Résister aux bureaucrates, aux psychologues, aux journalistes, à tous ceux qui imposent les règles des maîtres.

Attaquer ceux qui divisent notre résistance.

 

RÉXISTER

 

21 octobre 2003. Sons et images.

Silencieuse

l’image de celui que je ne verrai plus

traverse mes yeux et

se pose dans son coin de mémoire.

 

Me ceint sa voix

et creuse des tunnels de souffrance

dans ma mémoire fragile

sans caponnières.

22 octobre 2003. Savoir. C’est n’est pas seulement parce que j’aime voir les gens se faufiler et prendre un air intelligent que depuis une quarantaine d’années je leurs pose des questions qui devraient avoir une réponse de type oui/non. Je le fais parce que cela permet de faire un tri avant de s’embourber dans des nuances pseudo intelligentes.

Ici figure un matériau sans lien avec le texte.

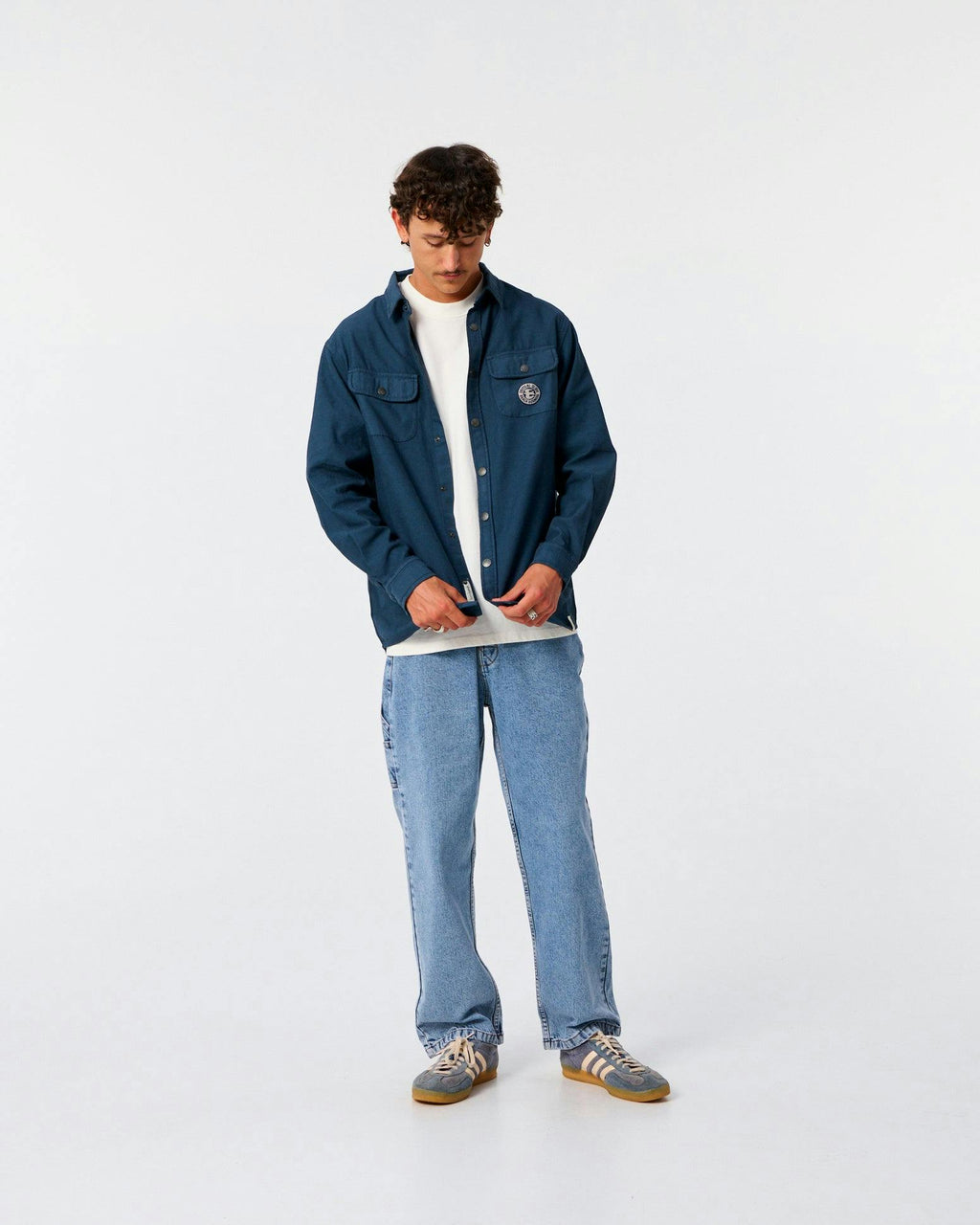 Sun Cured Overshirt - Worker Blue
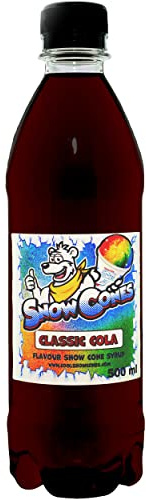 Slush | Snow Cone Syrup | Compatible with ALL Slush Puppy Machines | 500ml Bottles Pick Your Flavour (500ml, Classic Cola)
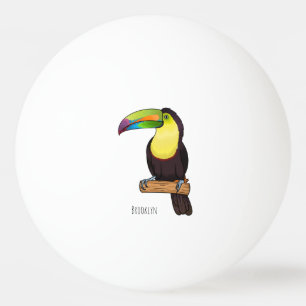 Bolinha De Ping Pong Ilustração de desenho animado de pássaros tucanos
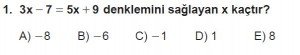 11. Sınıf ileri Matematik kazanım Test 5 soru1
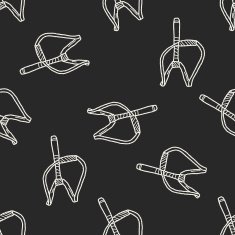 Slingshot doodle seamless pattern background N2
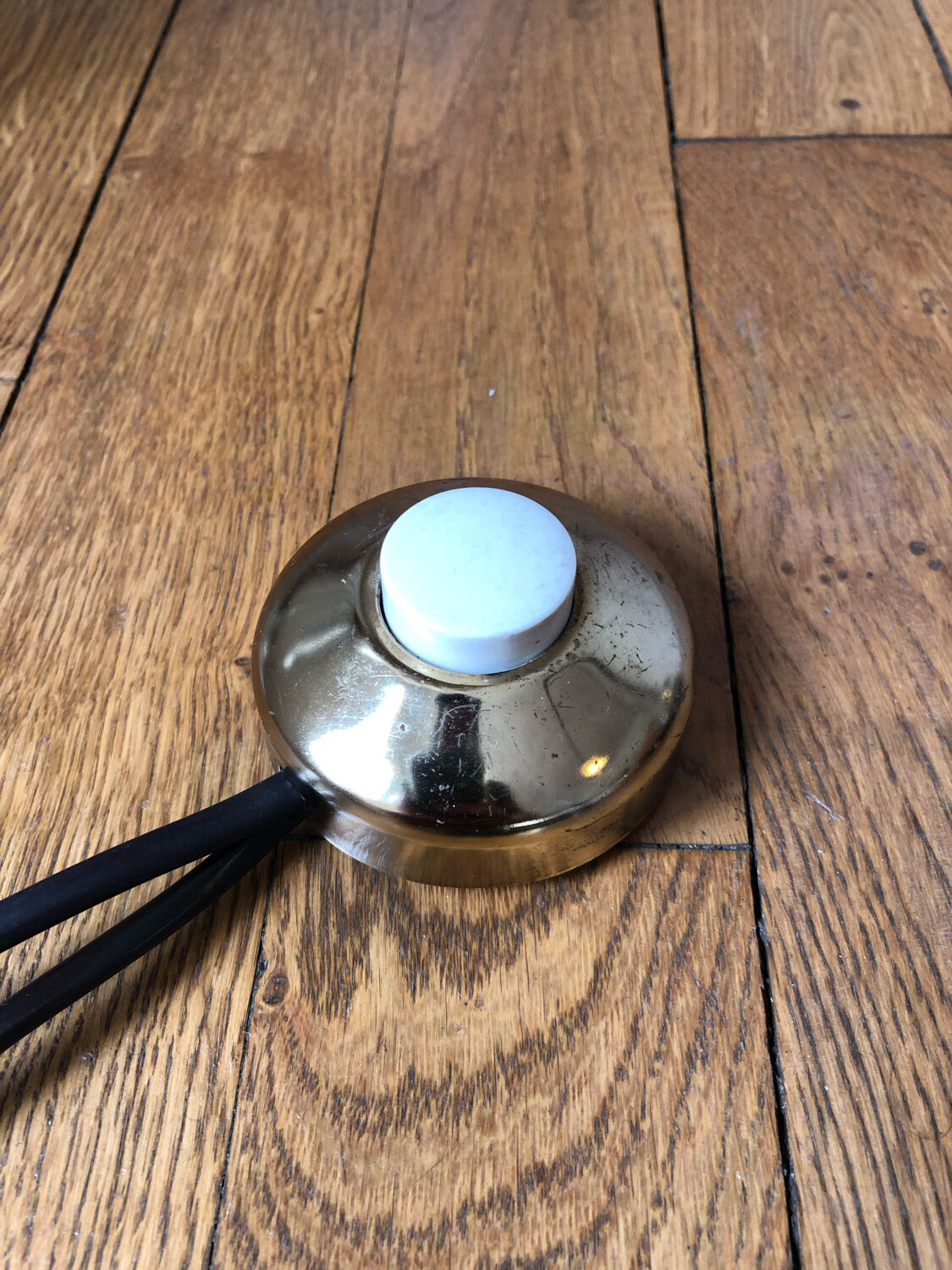 Wooden arc floor lamp circa 1970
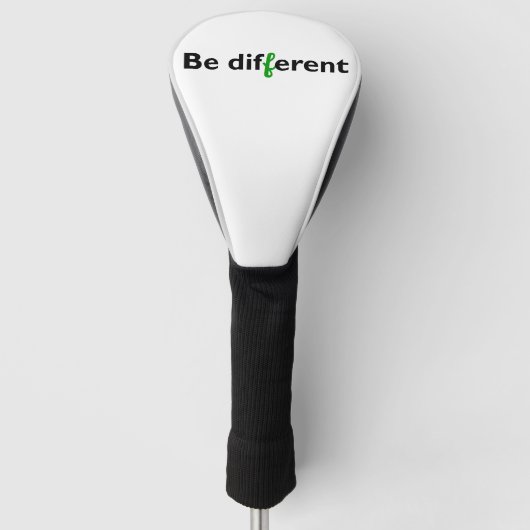 unterschiedlich sein golf headcover (Vorderseite)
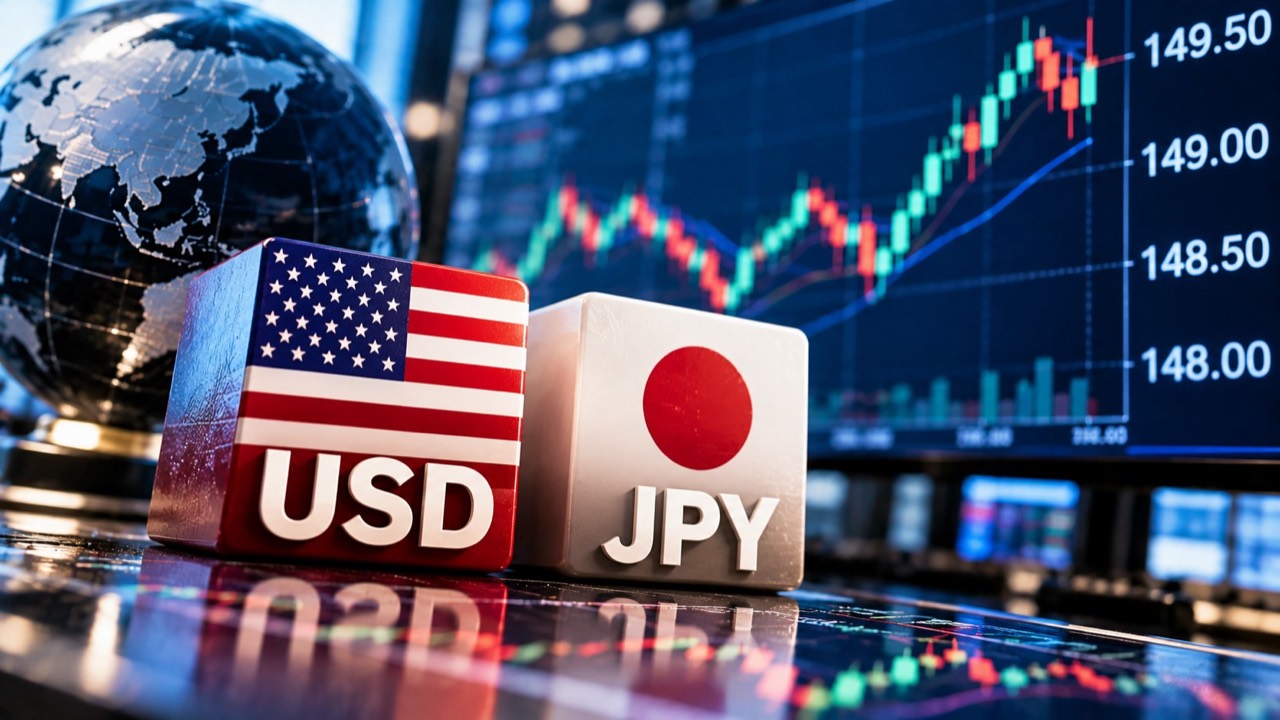 ドル円相場を題材にしたイメージ。画面の数値は実際の相場ではない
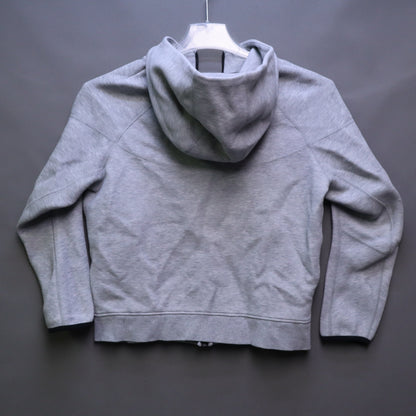 Nike Tech Fleece Full Zip Windrunner Hoodie Mens Large Heather Grey Black Trim L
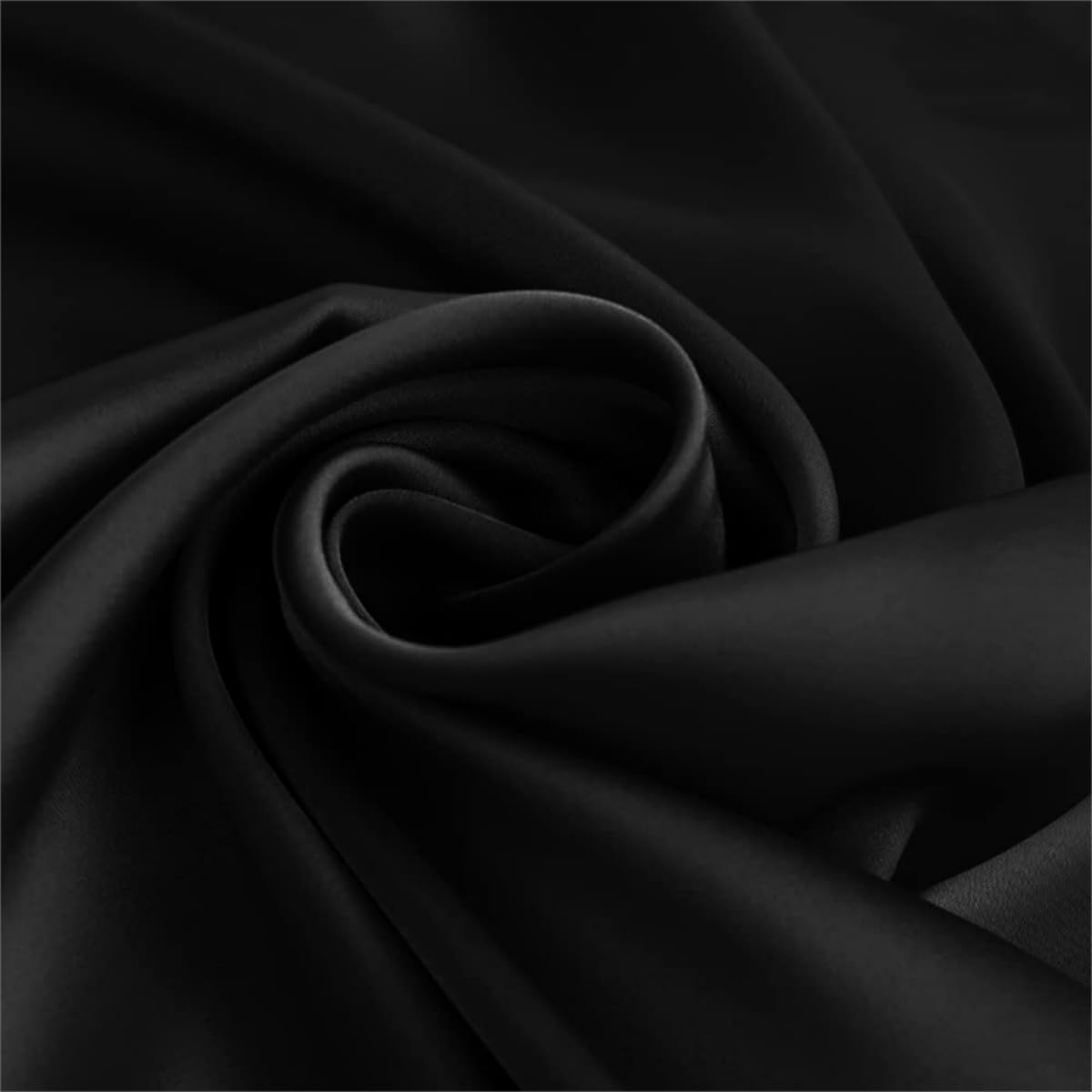 MLMW Satin shawl wraps for Evening Dresses for Women Extra Long for Wedding, Bridal Party (Black)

Pour les amants de la philo j’aurais une question fort simple, ce matin. Pensez-vous qu’il est plus important l’amour du savoir ou le savoir de l’amour ? Puisque je hais me faufiler, pendant que vous y pensez, je vous donne ma réponse : l’amour du savoir ça conte, le savoir de l’amour ça compte. Réponse fort claire, n’est-ce pas ? et, ne me dites pas, je vous en prie, que ma réponse est un jeu ! Pour une fois que compter est plus important de conter, laissez-moi le crier.

 

23 octobre 2003. Signatures. Pascal eut l’idée de créer le carrosse à cinq sols la « première organisation de transport en commun de Paris ». Un carrosse pas très démocratique : « On fait aussi savoir que (…) défenses sont faites à tous soldats, pages, laquais et autres gens de bras, d’y entrer, pour la plus grande commodité et liberté des bourgeois ». Il faudra attendre cent 117 avant que ces mêmes bourgeois fassent une célèbre révolution dans laquelle pour leur « plus grande commodité et liberté » ils empêcheront « aux gens de bras » d’entrer dans la cité. Et, 214 ans après leur révolution, les choses ont-elles changé ? Le mépris des hommes de bras non, l’hypocrisie quand on en parle oui.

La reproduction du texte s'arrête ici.